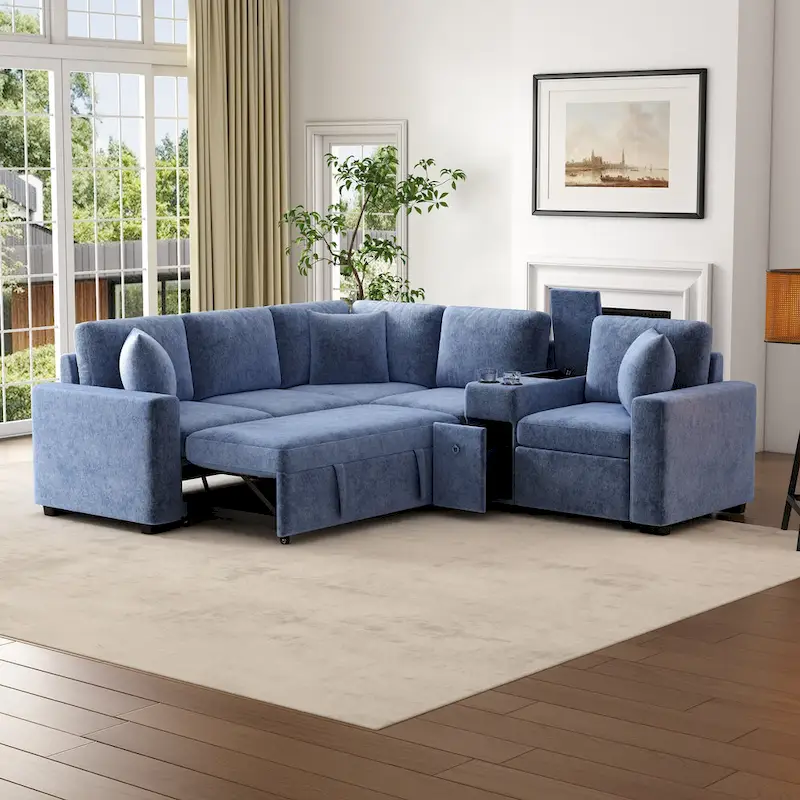Chenille Pull Out Sectional Convertible Sleeper Sofa Modular Sectional Sofa with Pillow and 2 Cup Holders for Living Room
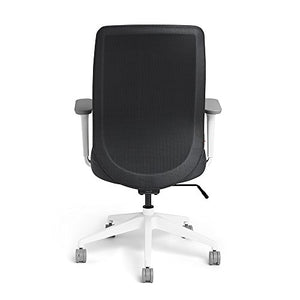 Poppin Dark Gray Max Task Chair High Back, White Frame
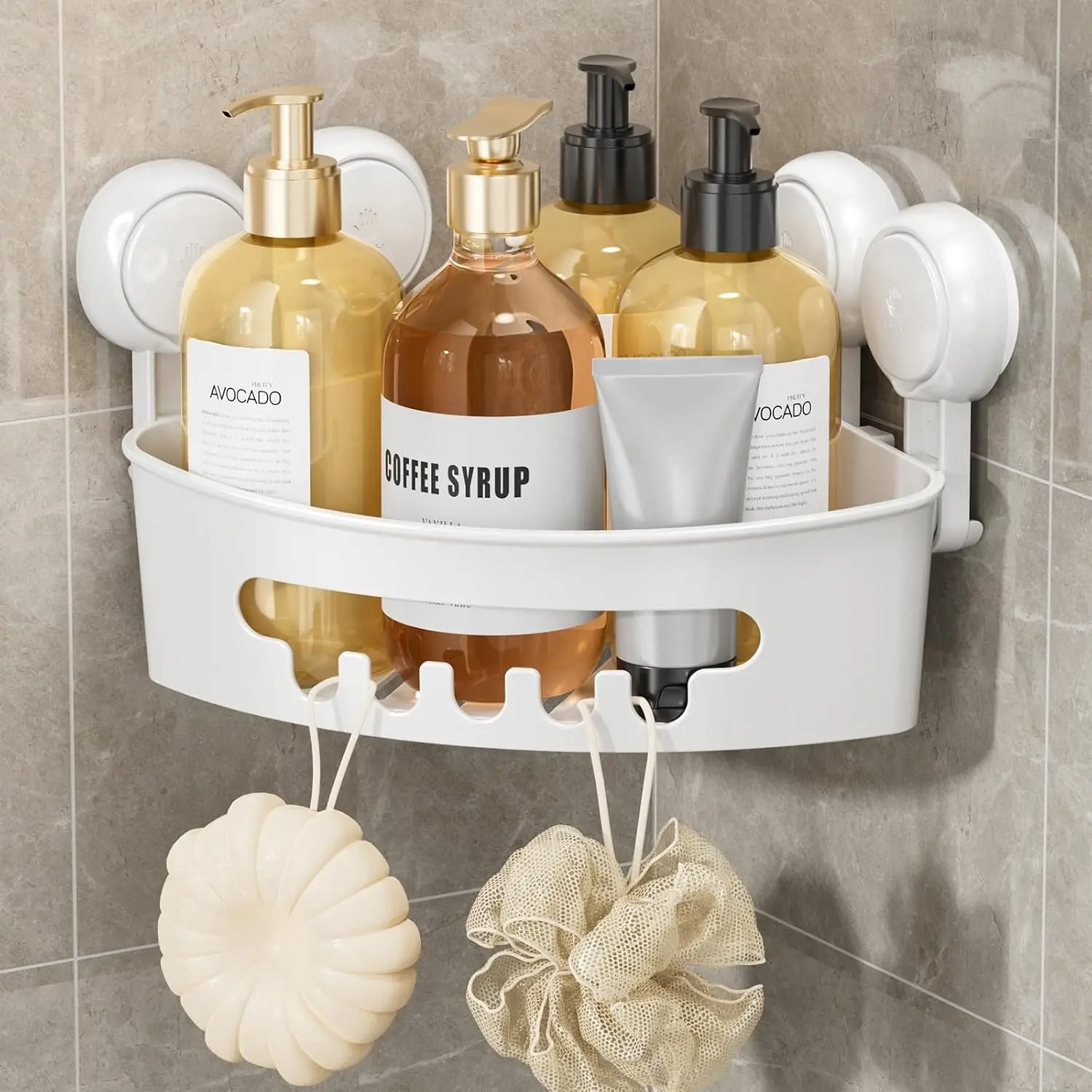 Corner Shower  Suction Cup, Shower  Basket  Suction Bathroom,  & Rustproof Organizer for Bathroom Storage, No-Drilling Removable (White)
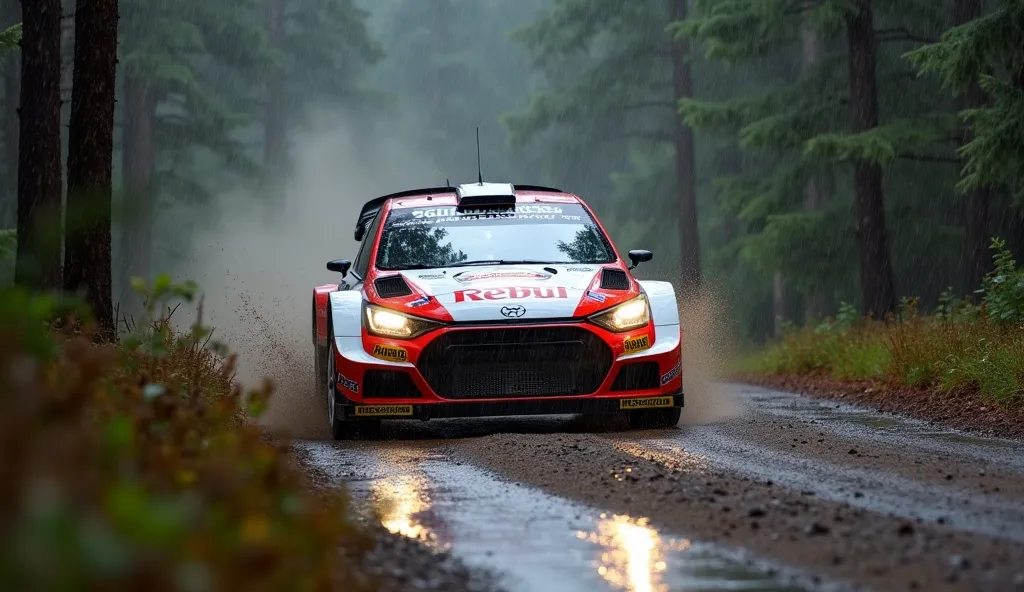 A WRC rally car speeding through the forests of Finland under heavy rain, gravel road, gravel projections, mud, puddles.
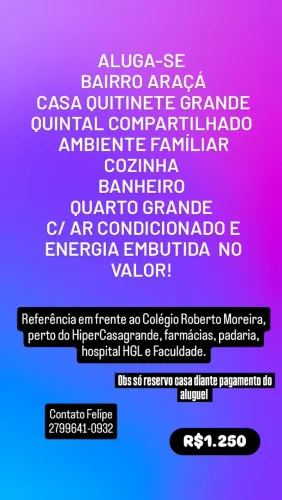 Aluga-se Casa quitinete c/ quarto grande quintal compartilhado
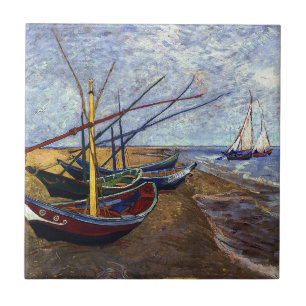 Carreau Van Gogh Bateaux de pêche sur la plage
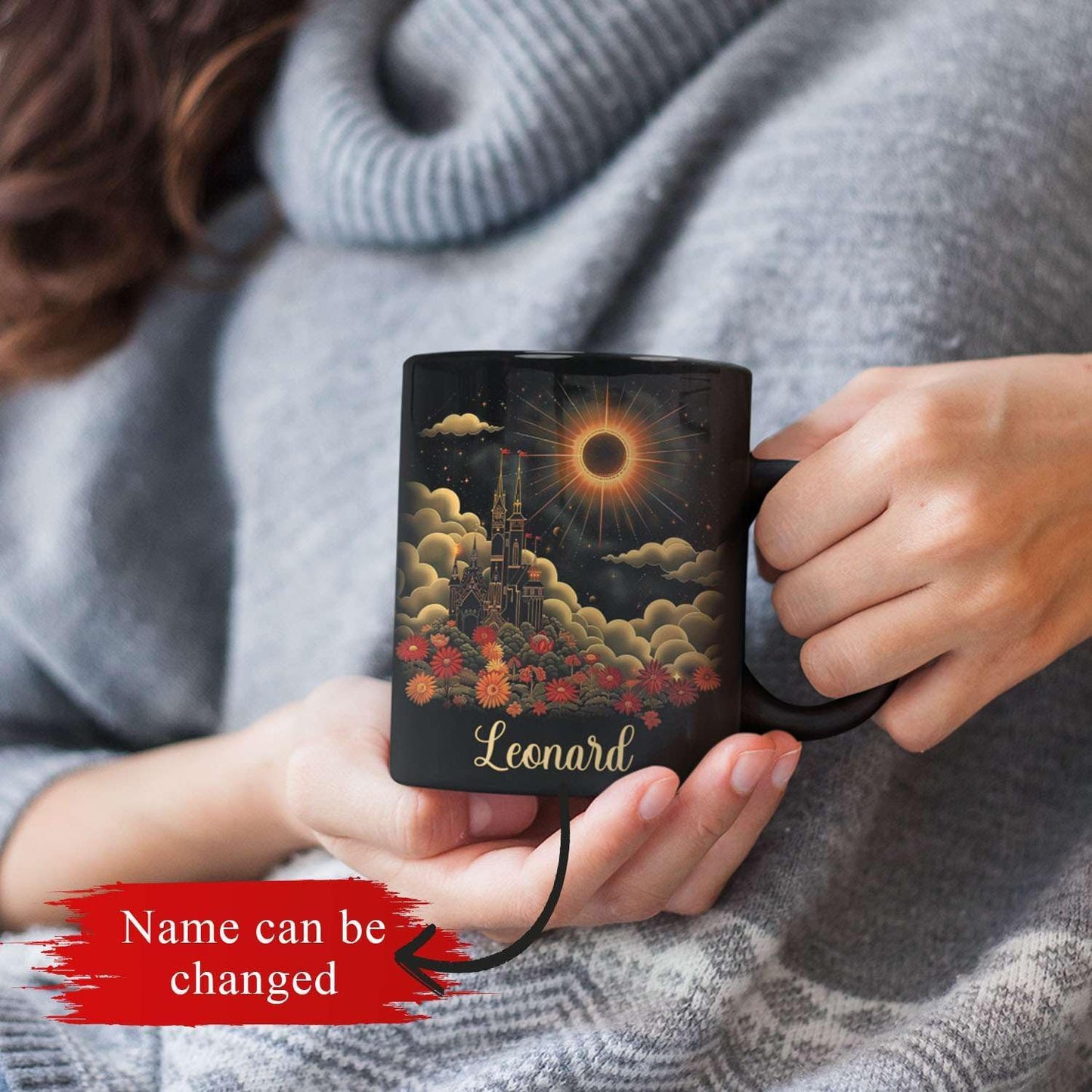 Personalized Name Coffee Mug 11oz 15oz, Custom Fantasy Castle Mug with Gothic Style, Vibrant Celestial Scene Ceramic Cup, Unique Castle Black Coffee Cup, Gifts for Her, Him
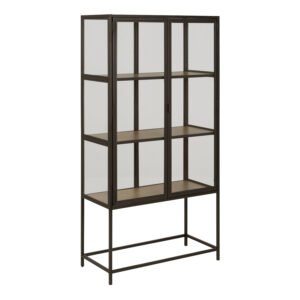 Seaford 2 Glass Door Display Cabinet in Black & Oak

§ **Assignment**
From the line containing "Poppin Dark Gray" to the final line of the entries, both included, transcribe every line exactly, omit the pictures, and add nothing more.

§ **Final answer**
 Poppin Dark Gray Max Task Chair High Back, White Frame
 Corner Shower  Suction Cup, Shower  Basket  Suction Bathroom,  & Rustproof Organizer for Bathroom Storage, No-Drilling Removable (White)
 A WRC rally car speeding through the forests of Finland under heavy rain, gravel road, gravel projections, mud, puddles.
 Aluga-se Casa quitinete c/ quarto grande quintal compartilhado
 Carreau Van Gogh Bateaux de pêche sur la plage
 Personalized Name Coffee Mug 11oz 15oz, Custom Fantasy Castle Mug with Gothic Style, Vibrant Celestial Scene Ceramic Cup, Unique Castle Black Coffee Cup, Gifts for Her, Him
 Seaford 2 Glass Door Display Cabinet in Black & Oak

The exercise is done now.